Note that $\frac{\mathcal{L}_f^m}{m}$ is the average number of symbols from the code alphabet ($\mathcal{B}$) used in the encoding of a symbol from the source alphabet ($\mathcal{A}$) when sequences of length $m$ are emitted, that is, as symbols from the alphabet $\mathcal{A}^{(m)}$.


Applied Example

Let a zero-memory source $FI$ defined by $\mathcal{A} = \{ a_1, a_2, a_3 \}$ with $P = \left\{ \frac{3}{4}, \frac{1}{12}, \frac{2}{12} \right\}$, and additionally $\mathcal{B} = \{ 0, 1 \}$. Let's build a table using python, pandas, and numpy:

import pandas as pd
import numpy as np
df = pd.DataFrame(
    np.array([[3/4, 1/12, 2/12]]).T,
    columns=["p"],
    index=["a_1", "a_2", "a_3"]
)

resulting in the table:

p
a1 0.75
a2 0.0833333
a3 0.166667

(if you want to generate tables for markdown or latex from a pandas DataFrame, you can use the methods DataFrame.to_markdown() and DataFrame.to_latex())

Our next step is to calculate the information $I(a_i) = \log\left(\frac{1}{p_i}\right)$ for each symbol:

df["log2(1/p)"] = np.log2(1/df["p"])

resulting in the table:

$p$ $\log_2(1/p)$
$a_1$ 0.75 0.415037
$a_2$ 0.0833333 3.58496
$a_3$ 0.166667 2.58496

Next, we calculate the lengths $l_i = \left\lceil\log\left(\frac{1}{p_i}\right)\right\rceil$:

df["l"] = np.ceil(df["log2(1/p)"])

resulting in the table:

$p$ $\log_2(1/p)$ l
$a_1$ 0.75 0.415037 1
$a_2$ 0.0833333 3.58496 4
$a_3$ 0.166667 2.58496 3

Therefore, we can propose an instantaneous code given by these lengths and using the previously mentioned code alphabet.
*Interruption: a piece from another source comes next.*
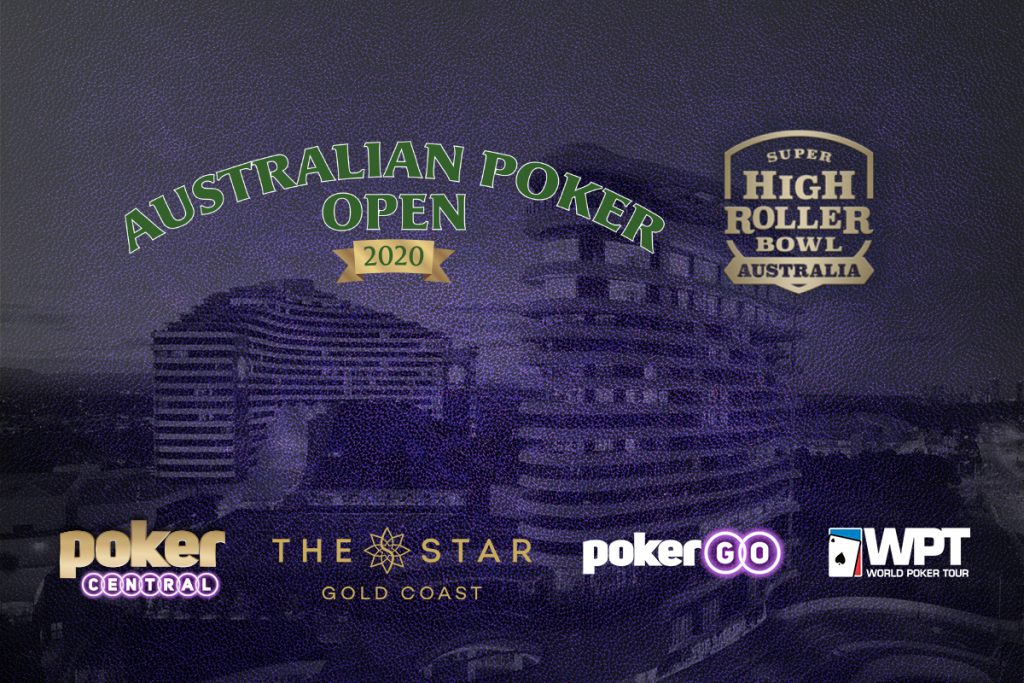 Poker Central set to host Australian Poker Open and SHRB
For example:

$p$ $\log_2(1/p)$ l codigo
$a_1$ 0.75 0.415037 1 1
$a_2$ 0.0833333 3.58496 4 0001
$a_3$ 0.166667 2.58496 3 001

If we wanted to calculate the average length

(df["p"]*df["l"]).sum()

we obtain $L_f\approx 1.58$. If we wanted to calculate the entropy

(df["p"]*df["log2(1/p)"]).sum()

resulting in $H(FI) \approx 1.04$.

Performance and Redundancy of a Uniquely Decodable Code

In the context we were discussing, the performance $\eta$ of a code is defined as

$$ \eta = \frac{H_k(FI)}{L_f} $$

and the redundancy as

$$ 1 - \eta = 1 - \frac{H_k(FI)}{L_f} = \frac{L_f - H_k(FI)}{L_f} $$

An optimal code has maximum performance and minimum redundancy.